## What this task involves
Could you print, exactly and without pictures, only the lines from the one with "sortie - 880M1" through the end of the records below?

(Crawled caption data)
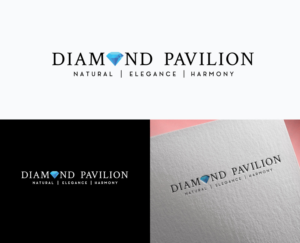 Logo Design by Adi Graphics for APP | Design: #26254833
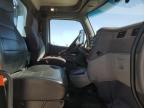 2016 Peterbilt 579 en Venta en Abilene, TX - Minor Dent/Scratches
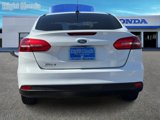 Used 2017 Ford Focus S image 5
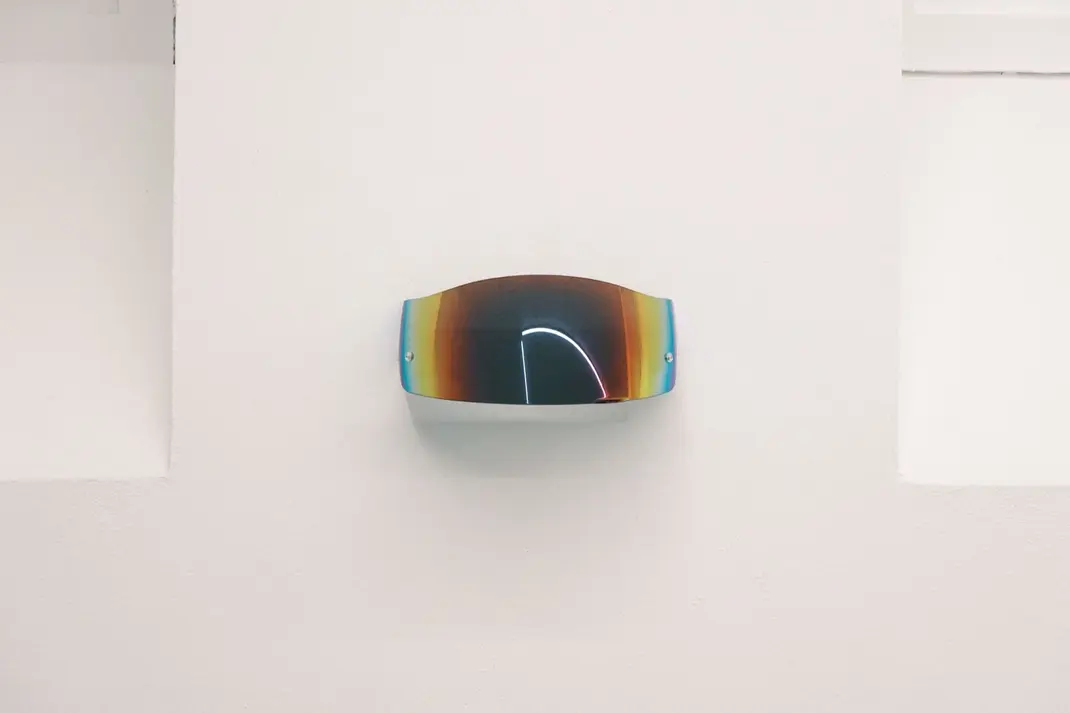Lori Lako — Going Nowhere Slow / Duke Shkuar Askund Ngadalë, 2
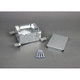 WIREMOLD  Accessoire de boîtier de sortie - 880M1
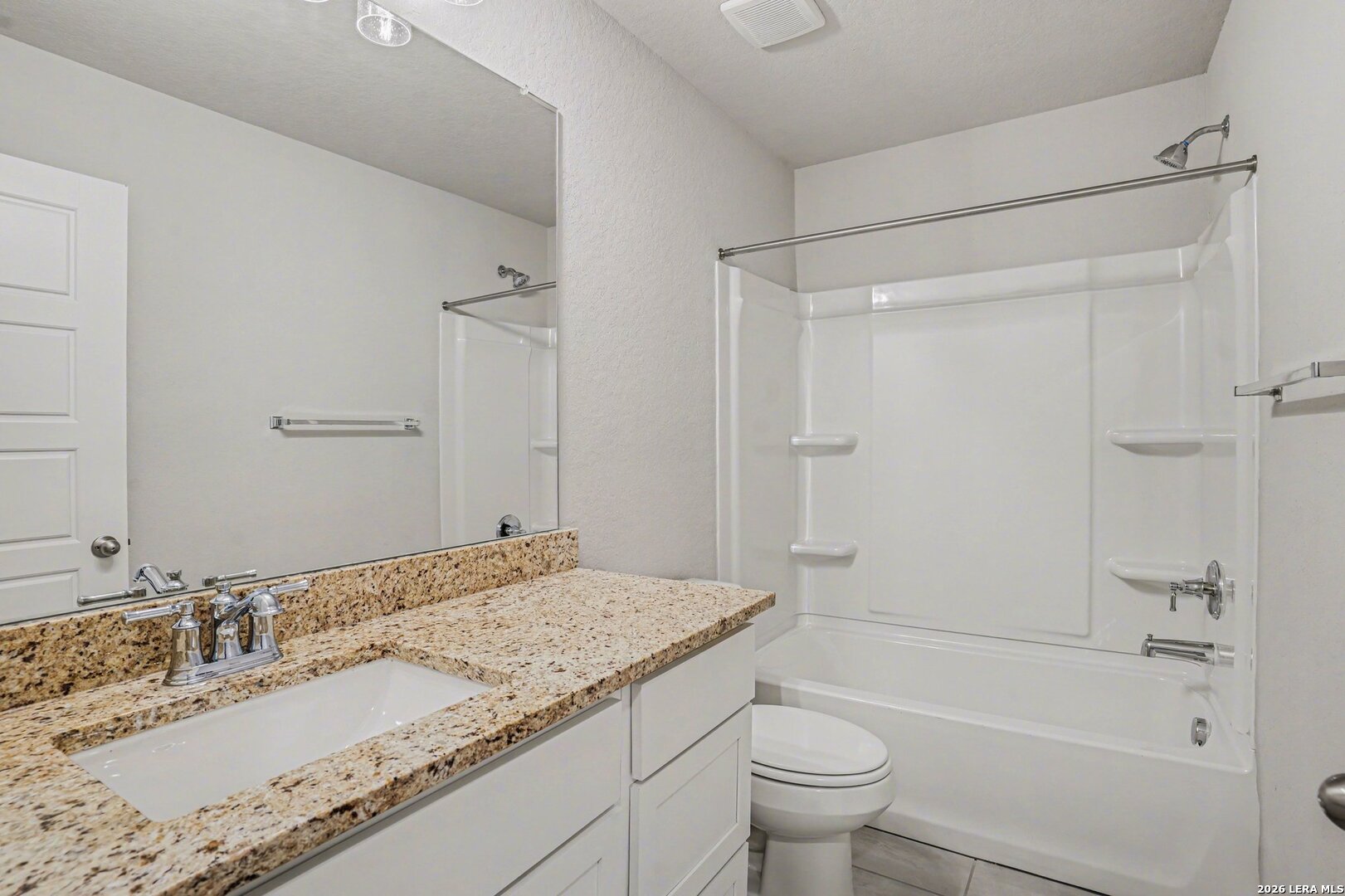 310 W Evergreen Street #120 San Antonio TX 78212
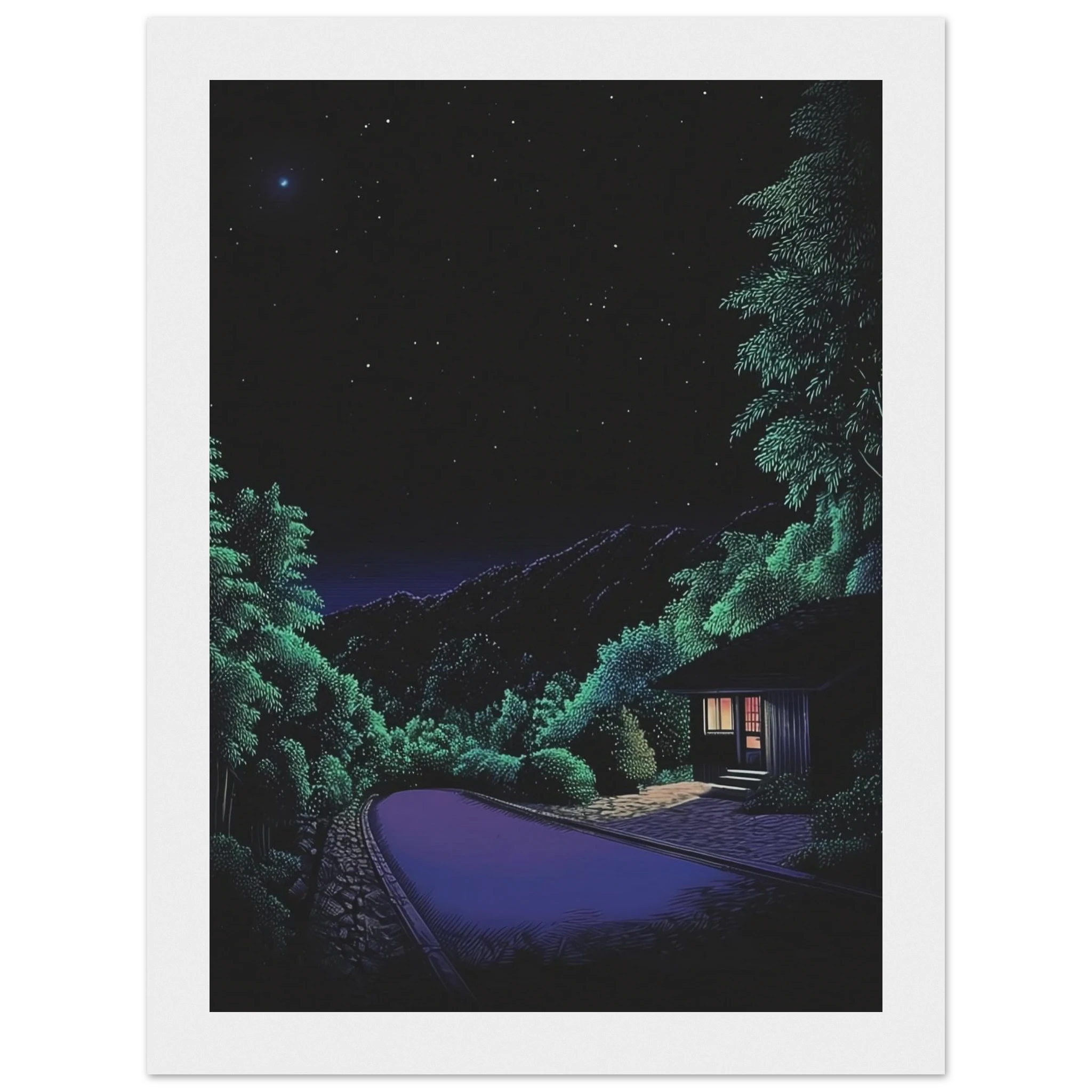 dc6611cb-acbe-48d2-a44d-7a947f4459c8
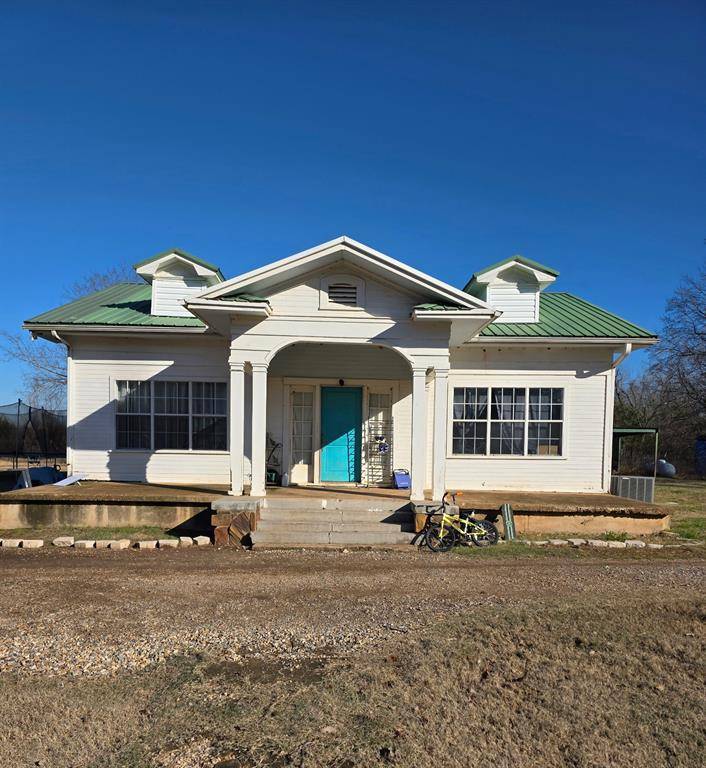 520 County Road 36980, Arthur City, TX 75411
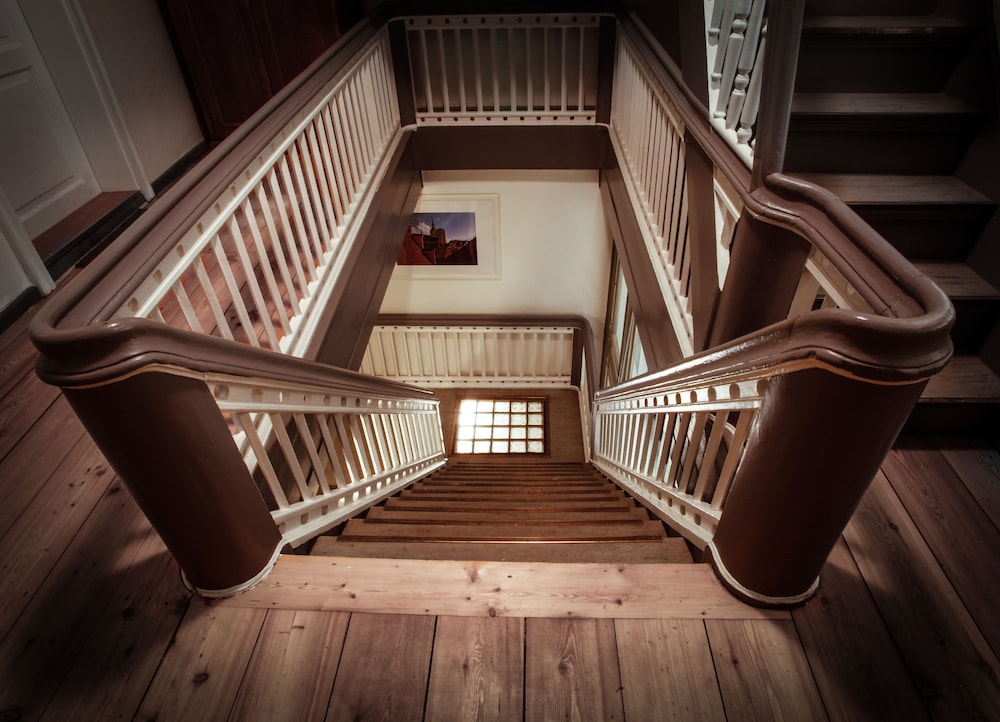 apartmenthaus markt fuffzehn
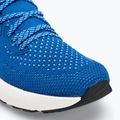 Мъжки обувки за бягане Under Armour Shift tech blue/horizon blue/white 7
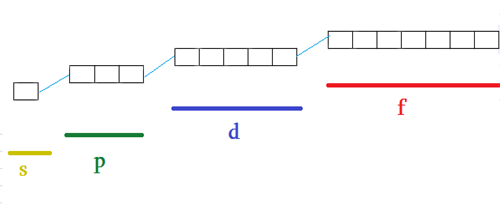 Screenshot_1 copy.png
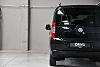 Fiat Qubo Qubo - 1.3 Diesel - Manueel - Zetelverwarming thumbnail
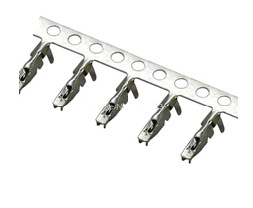 HY2.0 - Crimpkontakt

## Written answer
 WIREMOLD  Accessoire de boîtier de sortie - 880M1
 310 W Evergreen Street #120 San Antonio TX 78212
 dc6611cb-acbe-48d2-a44d-7a947f4459c8
 520 County Road 36980, Arthur City, TX 75411
 apartmenthaus markt fuffzehn
 Мъжки обувки за бягане Under Armour Shift tech blue/horizon blue/white 7
 Screenshot_1 copy.png
 Fiat Qubo Qubo - 1.3 Diesel - Manueel - Zetelverwarming thumbnail
 HY2.0 - Crimpkontakt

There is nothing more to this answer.